We have $c(ab)=c$. However, algebras are not necessarily associative so we can't conclude $c=c(ab)=(ca)b=b$.
Are there examples of algebras over a field with elements having multiple inverses?
Yes. Consider $S=\{e,a,b\}$ with the following multiplication table
$$ \begin{array}{c|c|c|c} & e & a & b \\\hline e & e & a & b \\\hline a & a & e & e \\\hline b & b & e & e \\ \end{array}$$
which is nonassociative with unity and with multiple inverses.
Now let $F$ be any field and consider $F[S]$ which is a vector space over $F$ with $S$ as a basis.
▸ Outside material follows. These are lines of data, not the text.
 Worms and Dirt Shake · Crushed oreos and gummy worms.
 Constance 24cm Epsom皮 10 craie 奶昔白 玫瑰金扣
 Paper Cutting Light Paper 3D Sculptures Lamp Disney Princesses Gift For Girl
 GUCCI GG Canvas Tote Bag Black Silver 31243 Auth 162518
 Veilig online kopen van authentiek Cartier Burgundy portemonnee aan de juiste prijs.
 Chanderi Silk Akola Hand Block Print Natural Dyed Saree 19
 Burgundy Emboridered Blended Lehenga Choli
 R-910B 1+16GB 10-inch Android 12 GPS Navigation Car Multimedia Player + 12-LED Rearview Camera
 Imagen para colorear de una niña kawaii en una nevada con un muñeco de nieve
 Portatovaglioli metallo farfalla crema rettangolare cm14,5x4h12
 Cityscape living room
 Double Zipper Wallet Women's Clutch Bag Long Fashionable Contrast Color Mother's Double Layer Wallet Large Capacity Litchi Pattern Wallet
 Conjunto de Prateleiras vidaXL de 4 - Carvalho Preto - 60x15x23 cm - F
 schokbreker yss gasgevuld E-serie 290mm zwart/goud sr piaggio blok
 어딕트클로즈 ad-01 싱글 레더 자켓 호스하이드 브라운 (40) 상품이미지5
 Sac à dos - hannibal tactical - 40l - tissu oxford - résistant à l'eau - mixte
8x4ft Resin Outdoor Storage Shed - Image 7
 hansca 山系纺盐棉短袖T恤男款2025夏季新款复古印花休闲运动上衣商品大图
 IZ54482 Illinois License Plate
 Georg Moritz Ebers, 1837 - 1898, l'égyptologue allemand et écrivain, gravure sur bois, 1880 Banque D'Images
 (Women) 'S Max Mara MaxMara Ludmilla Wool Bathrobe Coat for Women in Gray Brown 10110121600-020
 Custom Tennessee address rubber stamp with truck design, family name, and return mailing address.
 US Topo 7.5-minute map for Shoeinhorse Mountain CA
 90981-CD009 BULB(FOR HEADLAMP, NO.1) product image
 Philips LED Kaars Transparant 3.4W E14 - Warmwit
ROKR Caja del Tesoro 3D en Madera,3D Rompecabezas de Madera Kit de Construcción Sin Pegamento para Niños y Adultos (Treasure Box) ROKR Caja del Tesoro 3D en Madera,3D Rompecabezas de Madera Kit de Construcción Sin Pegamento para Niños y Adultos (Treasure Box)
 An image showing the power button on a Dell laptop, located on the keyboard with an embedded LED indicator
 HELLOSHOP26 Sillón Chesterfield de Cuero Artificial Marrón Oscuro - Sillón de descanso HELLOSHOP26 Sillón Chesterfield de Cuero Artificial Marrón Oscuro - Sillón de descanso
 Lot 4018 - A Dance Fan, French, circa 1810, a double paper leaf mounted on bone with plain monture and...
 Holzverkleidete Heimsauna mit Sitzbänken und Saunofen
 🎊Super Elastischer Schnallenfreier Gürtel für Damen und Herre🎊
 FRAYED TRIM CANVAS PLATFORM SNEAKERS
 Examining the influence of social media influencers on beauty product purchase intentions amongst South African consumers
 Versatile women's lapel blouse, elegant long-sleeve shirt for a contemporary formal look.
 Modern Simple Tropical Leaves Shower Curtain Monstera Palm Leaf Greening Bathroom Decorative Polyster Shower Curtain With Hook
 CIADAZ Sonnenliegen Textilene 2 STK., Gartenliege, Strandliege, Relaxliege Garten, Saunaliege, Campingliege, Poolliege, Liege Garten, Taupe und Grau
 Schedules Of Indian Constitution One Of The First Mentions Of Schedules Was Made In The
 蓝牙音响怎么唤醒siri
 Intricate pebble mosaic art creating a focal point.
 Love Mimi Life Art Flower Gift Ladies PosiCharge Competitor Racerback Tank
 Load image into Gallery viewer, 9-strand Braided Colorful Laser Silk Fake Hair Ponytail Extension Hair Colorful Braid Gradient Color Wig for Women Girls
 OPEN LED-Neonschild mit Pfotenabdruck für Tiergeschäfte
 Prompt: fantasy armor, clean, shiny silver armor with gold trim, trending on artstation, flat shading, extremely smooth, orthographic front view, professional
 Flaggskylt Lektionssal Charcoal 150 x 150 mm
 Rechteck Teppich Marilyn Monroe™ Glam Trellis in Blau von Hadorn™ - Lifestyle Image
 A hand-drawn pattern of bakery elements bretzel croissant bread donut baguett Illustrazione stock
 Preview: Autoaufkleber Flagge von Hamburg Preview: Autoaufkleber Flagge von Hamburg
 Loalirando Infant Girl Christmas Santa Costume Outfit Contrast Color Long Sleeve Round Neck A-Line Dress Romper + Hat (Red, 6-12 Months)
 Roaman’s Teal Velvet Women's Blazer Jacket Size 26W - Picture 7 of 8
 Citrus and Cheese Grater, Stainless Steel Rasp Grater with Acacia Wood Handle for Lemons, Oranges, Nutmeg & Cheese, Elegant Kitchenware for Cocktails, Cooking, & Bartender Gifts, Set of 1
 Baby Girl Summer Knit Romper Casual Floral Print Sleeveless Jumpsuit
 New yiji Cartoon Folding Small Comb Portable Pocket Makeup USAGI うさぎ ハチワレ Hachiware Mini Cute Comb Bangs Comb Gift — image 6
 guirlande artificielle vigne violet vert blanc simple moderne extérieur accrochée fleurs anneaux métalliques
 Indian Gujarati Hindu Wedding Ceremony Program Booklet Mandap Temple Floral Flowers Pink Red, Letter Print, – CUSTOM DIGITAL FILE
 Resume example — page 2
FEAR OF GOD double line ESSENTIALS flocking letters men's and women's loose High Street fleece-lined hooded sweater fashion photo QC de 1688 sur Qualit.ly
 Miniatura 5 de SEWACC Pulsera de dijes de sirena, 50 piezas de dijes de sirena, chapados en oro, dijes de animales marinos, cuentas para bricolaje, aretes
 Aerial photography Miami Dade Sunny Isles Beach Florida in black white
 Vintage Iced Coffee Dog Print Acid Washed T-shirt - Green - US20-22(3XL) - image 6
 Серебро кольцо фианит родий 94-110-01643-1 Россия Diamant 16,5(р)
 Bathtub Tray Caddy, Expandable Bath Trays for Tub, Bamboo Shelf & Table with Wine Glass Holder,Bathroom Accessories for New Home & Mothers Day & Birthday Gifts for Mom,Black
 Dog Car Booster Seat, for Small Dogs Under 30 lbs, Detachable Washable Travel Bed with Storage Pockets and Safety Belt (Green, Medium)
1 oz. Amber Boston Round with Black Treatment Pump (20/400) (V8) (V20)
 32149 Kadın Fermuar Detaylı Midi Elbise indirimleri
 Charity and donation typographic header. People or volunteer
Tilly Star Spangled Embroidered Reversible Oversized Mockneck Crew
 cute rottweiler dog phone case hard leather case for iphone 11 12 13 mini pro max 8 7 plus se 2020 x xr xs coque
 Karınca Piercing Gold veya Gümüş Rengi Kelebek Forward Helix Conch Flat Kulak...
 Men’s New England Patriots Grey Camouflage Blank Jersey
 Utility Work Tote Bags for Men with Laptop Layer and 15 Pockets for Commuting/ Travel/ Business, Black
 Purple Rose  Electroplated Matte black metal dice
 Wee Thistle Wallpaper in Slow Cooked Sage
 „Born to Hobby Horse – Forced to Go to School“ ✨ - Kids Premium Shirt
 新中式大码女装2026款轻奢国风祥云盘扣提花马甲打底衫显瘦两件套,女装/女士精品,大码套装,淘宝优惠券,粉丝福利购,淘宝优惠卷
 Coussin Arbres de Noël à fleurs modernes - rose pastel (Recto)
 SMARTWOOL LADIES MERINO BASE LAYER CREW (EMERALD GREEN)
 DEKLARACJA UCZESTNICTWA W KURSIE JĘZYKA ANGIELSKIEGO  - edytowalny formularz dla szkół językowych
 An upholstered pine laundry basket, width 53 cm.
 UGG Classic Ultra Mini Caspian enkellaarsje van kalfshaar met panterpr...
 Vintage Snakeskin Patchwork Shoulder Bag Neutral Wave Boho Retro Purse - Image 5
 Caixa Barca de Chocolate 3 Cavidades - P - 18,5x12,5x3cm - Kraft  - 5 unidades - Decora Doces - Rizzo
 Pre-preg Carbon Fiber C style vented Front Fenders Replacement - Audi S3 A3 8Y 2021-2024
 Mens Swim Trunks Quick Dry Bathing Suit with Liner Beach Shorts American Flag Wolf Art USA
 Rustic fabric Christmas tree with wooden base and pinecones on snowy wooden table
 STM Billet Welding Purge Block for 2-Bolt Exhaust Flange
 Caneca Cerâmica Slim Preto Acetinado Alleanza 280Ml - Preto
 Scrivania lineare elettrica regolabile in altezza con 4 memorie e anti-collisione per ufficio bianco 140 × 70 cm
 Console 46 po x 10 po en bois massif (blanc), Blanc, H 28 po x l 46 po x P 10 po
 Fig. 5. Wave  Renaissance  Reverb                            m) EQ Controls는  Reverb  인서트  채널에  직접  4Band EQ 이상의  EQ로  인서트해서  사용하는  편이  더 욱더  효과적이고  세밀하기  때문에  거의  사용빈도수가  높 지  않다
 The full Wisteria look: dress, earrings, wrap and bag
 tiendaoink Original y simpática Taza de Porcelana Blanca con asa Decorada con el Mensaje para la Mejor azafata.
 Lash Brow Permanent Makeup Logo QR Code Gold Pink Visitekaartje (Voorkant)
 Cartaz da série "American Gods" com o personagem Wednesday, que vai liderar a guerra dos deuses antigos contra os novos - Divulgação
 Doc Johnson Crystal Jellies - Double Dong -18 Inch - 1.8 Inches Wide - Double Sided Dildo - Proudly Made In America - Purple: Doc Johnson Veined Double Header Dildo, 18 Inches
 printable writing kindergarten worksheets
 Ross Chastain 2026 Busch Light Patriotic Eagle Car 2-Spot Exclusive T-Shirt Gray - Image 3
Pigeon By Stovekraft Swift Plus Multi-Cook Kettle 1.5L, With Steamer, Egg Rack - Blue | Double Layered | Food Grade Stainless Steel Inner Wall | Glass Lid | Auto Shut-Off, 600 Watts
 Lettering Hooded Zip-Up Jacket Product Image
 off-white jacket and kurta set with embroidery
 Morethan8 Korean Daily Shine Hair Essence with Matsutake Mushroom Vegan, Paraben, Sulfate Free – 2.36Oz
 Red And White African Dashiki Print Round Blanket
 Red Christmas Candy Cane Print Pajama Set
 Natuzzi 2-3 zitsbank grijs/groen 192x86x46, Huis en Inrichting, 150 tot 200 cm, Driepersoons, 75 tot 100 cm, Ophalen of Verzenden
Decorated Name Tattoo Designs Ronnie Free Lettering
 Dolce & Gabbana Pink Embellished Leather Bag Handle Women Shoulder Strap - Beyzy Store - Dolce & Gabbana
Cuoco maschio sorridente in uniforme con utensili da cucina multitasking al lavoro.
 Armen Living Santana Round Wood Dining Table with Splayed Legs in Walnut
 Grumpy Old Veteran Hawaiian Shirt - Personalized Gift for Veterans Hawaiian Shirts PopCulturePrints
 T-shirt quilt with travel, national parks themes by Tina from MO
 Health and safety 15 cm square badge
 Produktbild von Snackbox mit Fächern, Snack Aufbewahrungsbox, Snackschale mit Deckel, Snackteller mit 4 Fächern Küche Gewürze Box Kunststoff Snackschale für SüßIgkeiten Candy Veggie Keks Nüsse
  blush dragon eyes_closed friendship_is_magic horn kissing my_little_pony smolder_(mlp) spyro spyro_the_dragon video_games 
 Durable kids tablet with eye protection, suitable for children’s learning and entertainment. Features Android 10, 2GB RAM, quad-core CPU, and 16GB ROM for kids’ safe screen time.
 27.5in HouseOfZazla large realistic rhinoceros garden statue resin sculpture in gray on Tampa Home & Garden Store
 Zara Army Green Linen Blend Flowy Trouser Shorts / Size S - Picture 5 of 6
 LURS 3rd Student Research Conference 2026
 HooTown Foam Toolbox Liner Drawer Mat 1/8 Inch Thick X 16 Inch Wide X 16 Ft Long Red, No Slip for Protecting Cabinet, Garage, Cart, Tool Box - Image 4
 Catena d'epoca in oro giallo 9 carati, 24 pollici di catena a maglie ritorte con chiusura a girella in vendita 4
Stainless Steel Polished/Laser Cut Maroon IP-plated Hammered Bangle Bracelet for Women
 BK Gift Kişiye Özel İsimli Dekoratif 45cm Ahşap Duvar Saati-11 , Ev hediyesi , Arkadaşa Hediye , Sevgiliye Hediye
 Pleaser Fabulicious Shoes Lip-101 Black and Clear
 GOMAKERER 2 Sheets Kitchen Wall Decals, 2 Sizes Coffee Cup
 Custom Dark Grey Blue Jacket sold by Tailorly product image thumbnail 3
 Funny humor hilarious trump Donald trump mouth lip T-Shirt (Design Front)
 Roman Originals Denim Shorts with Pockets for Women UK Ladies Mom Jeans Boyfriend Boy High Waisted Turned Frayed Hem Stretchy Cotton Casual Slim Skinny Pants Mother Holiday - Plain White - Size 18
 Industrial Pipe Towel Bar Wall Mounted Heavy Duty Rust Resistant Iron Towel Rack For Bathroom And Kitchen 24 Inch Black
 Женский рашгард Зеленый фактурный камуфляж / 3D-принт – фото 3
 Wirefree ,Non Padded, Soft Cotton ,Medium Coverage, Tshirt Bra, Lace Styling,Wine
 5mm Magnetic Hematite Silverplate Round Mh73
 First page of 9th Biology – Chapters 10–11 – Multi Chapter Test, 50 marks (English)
The multiplication on $F[S]$ is induced linearly from the multipication on $S$, i.e.
$$\bigg(\sum_{i=1}^n \lambda_i s_i\bigg)\cdot \bigg(\sum_{i=1}^n\tau_i s_i\bigg):=\sum_{i,j=1}^n\lambda_i\tau_j s_is_j$$
This makes it a unital, nonassociative algebra over $F$, but $a$ has at least two inverses: itself and $b$.